Oui ! C’est préférable, je ne veux pas être confronté à ces deux-pattes !
Oui, mais enfin, bon ! Vous avez des réflexes de deux-pattes, notez-le (admettez-le)…
Comment ça ?
Oui, de réclamer pour une goutte d’eau, c’est un réflexe de deux-pattes !
Ah ben, Monsieur, je viens d’un endroit, où quand l’on donne sa parole, venir ici, voilà, vous irez ici et vous aurez ceci, cela… cela se passe comme c’est dit, sans autre… aucune autre forme de procès. Alors je viens par ici et c’est différent ! C’est en permanence des conflits, comprenez-moi !

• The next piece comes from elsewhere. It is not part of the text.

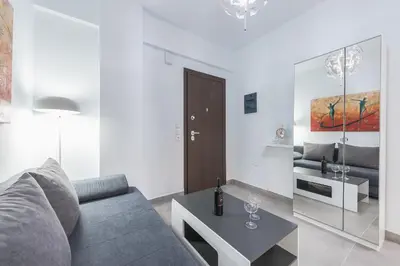 a living room with a couch and a table at Iguana Gold Luxury Suites 1min from Ermou str in Athens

Enfin ! C’est un conflit minime toutefois !
Minime, minime ! Je voudrais vous y voir ? Je serais, admettons, plus petit et que je reçoive cette goutte, ben elle aurait pu me bousculer, me faire tomber, voire me faire périr !
Oh ! C’est peu probable, en général, l’eau qui tombe est bienfaitrice, ici !
Ah bon, vous croyez ?
Oui, c’est… ce sont des molécules d’un liquide qui permet la vie !
Aaah ?
N’êtes-vous pas vivant vous-même ?
Euh ! Je me suis jamais posé cette question ? Tiens, c’est intéressant ce que vous me dites là ? Il faudrait que je demande…
Vous avez une forme tout à fait comparable aux formes vivantes sévissant ici !
Ah ! Vous croyez ?
Oui, je trouve !
Et vous-même, vous seriez du coin ?
Oui, je suis du coin, et je suis de la famille des deux-pattes !
Ah ah ! Donc vous les connaissez bien ?
Oh oui, ça ! Je les connais !
Votre réflexion me semble pas flatteuse, pour eux ?
C’est vrai !
On dirait qu’ils vous en font voir de toutes les couleurs ?
C’est pas faux non plus !
Qu’ils vous ennuient quelque peu, je dirais ! Je soubu… je subodore cet état d’esprit ?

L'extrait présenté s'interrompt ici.